Der Leipziger Fund unterscheidet sich jedoch von einer gewöhnlichen Sichtung. Hier wurde nicht nur ein Fluggerät im Luftraum beobachtet. An der Drohne befanden sich eine unbekannte Masse und ein Zünder. Sie lag oder befand sich auf einem gesicherten Flughafengelände in der Nähe eines ukrainischen Transportflugzeugs. Während der dadurch ausgelösten Sperrung wurde zudem ein DHL-Frachter durch die Kollision mit einem unbekannten Gegenstand beschädigt.
Noch ist zu wenig bekannt, um von einem gezielten Anschlag zu sprechen. Doch es ist ebenso verfrüht, den Vorfall als zufällige oder harmlose Drohnenpanne abzutun. Die Ermittlungen müssen klären, wie das Gerät auf das Vorfeld gelangte, ob die angebrachte Masse sprengfähig war, welches Ziel der Verantwortliche verfolgte und womit der DHL-Frachter kollidierte.

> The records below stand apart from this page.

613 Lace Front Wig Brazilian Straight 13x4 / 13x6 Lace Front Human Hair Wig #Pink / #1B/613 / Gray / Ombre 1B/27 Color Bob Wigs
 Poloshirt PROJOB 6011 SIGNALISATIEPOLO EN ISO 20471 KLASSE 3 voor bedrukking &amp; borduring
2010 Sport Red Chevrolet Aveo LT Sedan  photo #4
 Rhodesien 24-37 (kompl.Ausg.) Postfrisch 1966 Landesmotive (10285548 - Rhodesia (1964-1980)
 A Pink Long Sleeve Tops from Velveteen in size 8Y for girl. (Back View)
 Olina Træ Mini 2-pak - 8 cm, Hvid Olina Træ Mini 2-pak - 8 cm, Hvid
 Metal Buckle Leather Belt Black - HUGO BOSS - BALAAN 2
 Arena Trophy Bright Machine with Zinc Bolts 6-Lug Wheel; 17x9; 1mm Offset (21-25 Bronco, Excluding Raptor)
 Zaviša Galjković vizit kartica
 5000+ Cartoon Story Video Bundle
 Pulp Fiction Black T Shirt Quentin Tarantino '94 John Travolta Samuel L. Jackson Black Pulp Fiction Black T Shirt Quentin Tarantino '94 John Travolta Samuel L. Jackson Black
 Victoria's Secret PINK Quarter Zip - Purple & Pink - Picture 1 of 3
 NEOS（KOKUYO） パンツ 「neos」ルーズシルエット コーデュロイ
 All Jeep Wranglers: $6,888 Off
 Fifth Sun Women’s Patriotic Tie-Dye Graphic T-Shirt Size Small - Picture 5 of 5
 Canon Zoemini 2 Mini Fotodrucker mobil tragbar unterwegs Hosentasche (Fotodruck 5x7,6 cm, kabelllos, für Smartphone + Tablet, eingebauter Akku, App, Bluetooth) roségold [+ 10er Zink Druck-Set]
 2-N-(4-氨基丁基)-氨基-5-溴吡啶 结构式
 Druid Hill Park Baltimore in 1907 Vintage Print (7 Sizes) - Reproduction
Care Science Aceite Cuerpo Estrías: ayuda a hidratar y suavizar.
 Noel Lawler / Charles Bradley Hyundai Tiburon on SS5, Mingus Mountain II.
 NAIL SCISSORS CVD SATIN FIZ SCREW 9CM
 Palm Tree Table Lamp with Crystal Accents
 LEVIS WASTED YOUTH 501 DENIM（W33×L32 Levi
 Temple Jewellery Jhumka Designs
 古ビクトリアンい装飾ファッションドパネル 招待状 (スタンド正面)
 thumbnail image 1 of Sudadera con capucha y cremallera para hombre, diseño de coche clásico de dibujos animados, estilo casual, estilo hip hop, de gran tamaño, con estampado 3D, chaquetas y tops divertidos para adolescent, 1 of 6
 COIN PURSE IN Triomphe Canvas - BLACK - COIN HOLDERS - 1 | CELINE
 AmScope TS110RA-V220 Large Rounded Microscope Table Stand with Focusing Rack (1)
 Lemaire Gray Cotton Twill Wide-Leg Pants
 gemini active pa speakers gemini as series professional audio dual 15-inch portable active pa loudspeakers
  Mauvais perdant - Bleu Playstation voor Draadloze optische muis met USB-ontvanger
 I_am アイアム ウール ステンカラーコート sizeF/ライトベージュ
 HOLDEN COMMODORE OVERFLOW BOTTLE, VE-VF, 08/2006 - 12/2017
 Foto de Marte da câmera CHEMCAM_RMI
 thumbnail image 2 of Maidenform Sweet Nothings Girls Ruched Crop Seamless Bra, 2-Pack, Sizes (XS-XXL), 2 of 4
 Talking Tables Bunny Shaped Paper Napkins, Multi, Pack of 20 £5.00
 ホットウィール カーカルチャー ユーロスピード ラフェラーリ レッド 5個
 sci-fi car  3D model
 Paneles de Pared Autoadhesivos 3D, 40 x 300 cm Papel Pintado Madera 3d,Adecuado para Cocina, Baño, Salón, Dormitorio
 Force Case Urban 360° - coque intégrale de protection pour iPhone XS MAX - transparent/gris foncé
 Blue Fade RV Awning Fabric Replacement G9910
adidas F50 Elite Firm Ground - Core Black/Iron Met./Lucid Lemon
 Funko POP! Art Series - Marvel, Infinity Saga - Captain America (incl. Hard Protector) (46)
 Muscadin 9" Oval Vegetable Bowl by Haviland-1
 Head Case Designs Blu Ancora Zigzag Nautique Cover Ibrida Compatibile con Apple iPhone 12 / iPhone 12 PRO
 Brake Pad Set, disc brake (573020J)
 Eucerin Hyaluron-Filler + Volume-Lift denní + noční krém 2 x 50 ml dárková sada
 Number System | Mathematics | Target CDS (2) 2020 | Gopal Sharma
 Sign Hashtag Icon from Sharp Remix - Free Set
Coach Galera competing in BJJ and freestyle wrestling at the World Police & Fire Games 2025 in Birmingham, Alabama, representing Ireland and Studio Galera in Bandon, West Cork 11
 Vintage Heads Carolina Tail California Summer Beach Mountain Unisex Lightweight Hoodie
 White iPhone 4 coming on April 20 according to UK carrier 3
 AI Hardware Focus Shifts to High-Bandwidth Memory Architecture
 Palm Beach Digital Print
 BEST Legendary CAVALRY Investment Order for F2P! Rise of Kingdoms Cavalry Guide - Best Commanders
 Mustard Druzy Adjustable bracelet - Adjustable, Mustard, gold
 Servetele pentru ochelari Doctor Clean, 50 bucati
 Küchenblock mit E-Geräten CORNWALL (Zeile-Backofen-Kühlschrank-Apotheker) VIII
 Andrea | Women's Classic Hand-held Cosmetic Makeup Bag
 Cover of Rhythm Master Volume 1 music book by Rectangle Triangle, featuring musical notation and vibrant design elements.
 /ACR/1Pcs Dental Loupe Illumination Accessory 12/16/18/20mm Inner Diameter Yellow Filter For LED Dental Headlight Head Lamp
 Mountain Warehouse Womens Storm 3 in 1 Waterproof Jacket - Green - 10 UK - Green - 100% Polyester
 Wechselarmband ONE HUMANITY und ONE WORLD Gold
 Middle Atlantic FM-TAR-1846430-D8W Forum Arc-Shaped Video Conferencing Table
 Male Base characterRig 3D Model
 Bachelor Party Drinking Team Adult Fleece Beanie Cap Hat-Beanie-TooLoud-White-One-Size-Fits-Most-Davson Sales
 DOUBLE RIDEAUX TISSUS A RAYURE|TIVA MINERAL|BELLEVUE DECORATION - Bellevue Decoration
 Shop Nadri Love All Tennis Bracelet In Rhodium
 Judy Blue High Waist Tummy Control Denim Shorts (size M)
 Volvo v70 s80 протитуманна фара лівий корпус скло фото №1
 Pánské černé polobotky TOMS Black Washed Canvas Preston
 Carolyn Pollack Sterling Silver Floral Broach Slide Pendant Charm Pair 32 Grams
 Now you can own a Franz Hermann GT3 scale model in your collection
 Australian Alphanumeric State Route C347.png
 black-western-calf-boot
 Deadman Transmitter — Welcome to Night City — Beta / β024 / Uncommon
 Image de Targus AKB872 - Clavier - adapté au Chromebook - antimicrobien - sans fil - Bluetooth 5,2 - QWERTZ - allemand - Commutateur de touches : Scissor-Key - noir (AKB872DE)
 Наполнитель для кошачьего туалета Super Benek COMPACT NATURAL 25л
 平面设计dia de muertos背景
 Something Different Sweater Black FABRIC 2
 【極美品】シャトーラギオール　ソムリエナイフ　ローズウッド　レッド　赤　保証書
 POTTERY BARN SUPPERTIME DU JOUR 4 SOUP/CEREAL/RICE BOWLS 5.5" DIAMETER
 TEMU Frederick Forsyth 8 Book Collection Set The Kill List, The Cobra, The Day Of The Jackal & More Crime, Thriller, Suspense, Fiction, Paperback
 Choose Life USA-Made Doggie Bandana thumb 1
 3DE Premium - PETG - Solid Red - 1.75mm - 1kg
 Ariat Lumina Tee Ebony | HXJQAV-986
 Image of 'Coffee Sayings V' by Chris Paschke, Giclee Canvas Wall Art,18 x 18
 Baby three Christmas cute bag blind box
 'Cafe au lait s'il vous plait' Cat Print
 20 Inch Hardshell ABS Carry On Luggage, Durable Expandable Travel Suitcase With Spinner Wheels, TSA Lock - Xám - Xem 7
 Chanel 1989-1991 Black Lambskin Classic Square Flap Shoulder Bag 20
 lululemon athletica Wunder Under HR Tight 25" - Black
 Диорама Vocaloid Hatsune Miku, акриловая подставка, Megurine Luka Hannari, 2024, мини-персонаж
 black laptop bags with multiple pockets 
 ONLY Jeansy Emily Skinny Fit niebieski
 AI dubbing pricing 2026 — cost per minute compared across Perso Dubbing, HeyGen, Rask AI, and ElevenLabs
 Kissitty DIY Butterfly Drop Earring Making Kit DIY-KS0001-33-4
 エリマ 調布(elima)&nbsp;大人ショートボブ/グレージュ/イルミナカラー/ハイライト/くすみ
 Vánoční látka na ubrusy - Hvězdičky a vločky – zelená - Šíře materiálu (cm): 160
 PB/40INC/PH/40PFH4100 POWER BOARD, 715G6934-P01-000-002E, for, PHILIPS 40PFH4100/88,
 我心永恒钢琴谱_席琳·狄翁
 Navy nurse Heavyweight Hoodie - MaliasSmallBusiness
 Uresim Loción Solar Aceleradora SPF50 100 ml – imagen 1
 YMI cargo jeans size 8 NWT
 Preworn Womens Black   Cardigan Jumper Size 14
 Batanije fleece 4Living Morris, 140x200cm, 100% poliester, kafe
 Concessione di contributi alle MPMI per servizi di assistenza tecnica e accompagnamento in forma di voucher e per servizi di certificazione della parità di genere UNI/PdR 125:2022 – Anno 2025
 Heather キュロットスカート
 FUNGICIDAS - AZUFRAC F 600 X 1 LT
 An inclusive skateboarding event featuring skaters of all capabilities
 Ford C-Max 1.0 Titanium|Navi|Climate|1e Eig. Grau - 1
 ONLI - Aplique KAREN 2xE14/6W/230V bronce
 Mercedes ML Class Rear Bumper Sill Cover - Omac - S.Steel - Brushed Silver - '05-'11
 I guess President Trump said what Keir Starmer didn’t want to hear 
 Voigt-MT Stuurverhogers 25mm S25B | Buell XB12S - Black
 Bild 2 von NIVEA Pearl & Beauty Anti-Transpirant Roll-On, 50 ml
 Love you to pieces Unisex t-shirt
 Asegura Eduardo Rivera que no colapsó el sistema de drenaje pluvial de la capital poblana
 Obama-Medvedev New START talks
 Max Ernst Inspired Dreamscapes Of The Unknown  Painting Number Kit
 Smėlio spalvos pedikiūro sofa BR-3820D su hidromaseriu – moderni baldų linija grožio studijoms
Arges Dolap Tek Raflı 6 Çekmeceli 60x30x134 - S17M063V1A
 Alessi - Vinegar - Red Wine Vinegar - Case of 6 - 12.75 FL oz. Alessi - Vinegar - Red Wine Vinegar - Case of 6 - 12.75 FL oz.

Deutschland hat in den vergangenen Jahren viel über hybride Bedrohungen, Sabotage und Drohnenabwehr gesprochen. In Leipzig zeigt sich nun, wie konkret diese Gefahr werden kann. Eine präparierte Drohne gelangt bis auf das Gelände eines strategisch bedeutenden Flughafens, während der mutmaßliche Pilot unerkannt bleibt. Selbst wenn sich am Ende herausstellen sollte, dass die Kollision des DHL-Flugzeugs nichts mit dem Fund zu tun hatte, bleibt eine bedrückende Frage bestehen: Wie konnte ein Gerät mit Zünder unbemerkt so nah an ein ukrainisches Frachtflugzeug gelangen?